At the turn of the century the love of a good mystery expanded quickly. Sometimes written as serials in magazines and sometimes as novels or novellas, a mystery was sure to show up in most boudoirs for night time reading.
The 1920s are considered the golden age of the mystery novel. It was in this era that two well-known writers, Agatha Christie and Dorothy Sayers introduced us to Hercule Poirot, Miss Marple and Lord Peter Wimsey. For many years a common expectation in the writing world was 'a Christie for Christmas.'
Meanwhile. across the pond, mystery was aimed at the young with sleuths Nancy Drew and the Hardy Boys.
As the appeal of a good mystery grew over the next decades, it expanded in scope. American writers such as Raymond Chandler and Dasheill Hammett wrote a more hard-boiled story, introducing us to the tough private eye. Other writers chose police detectives as their protagonists.
After a lull in the later decades of the 1900s,in the twenty-first century we have a new expansion of the mystery. True crime is always popular and to that we can add supernatural, suspense, and historical. With new forensic science taking hold of imaginations, we see police procedurals and mysteries centred around pathologists or scientists.
Dark brooding mysteries from writers like Val McDiarmid join true crime authors such as Ann Rule.
Of course the cozy never has gone out of style. Now it has taken a whole new direction with series taking place in ice cream parlours, bakeries, and at quilting bees and with cats or dogs as sidekicks.
I love them all, but I still have a soft spot for Agatha Christie, no matter how many times I've read her 80 books.
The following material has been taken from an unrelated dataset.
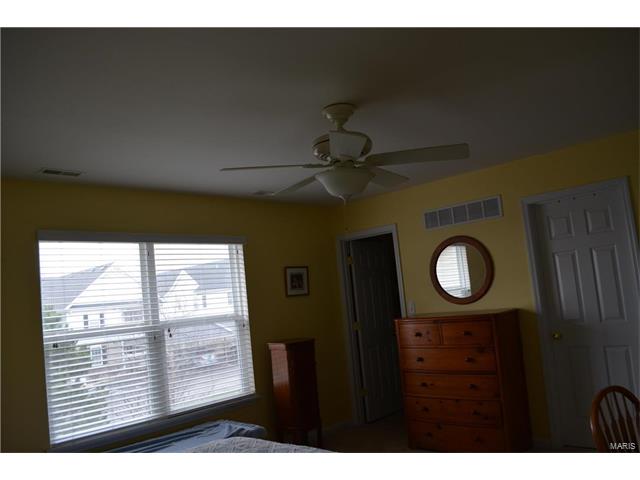 215 Shady Rock Ln, O'fallon, MO 63368 photo 12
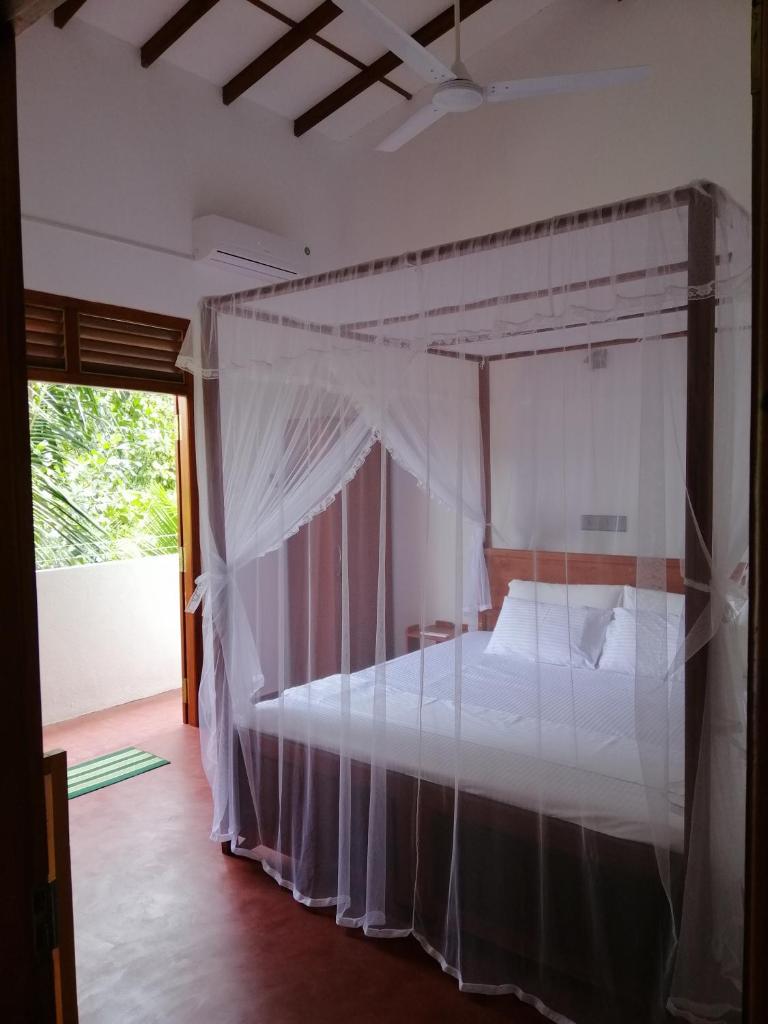 Top Mount Villa photo 1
Authors usually choose a series centred around events or places that interest them or are in their comfort zone. I have two cozy series started. The first (Island Charms and Murder At The Island Spa) has a middle-aged divorced sleuth who makes her home on Vancouver Island, my current home. The Boarding Kennel (Old Shadows, New Murder) series involving Taylor, a younger sleuth, takes place in a small Manitoba town, similar to the one I grew up in. I am presently working on the third book in the Island series and the second in the Boarding Kennel one.
My only fear tackling two series at once is that my characters may decide to cross over. Wouldn't that be fun? Say, maybe that could be the start of a whole new idea.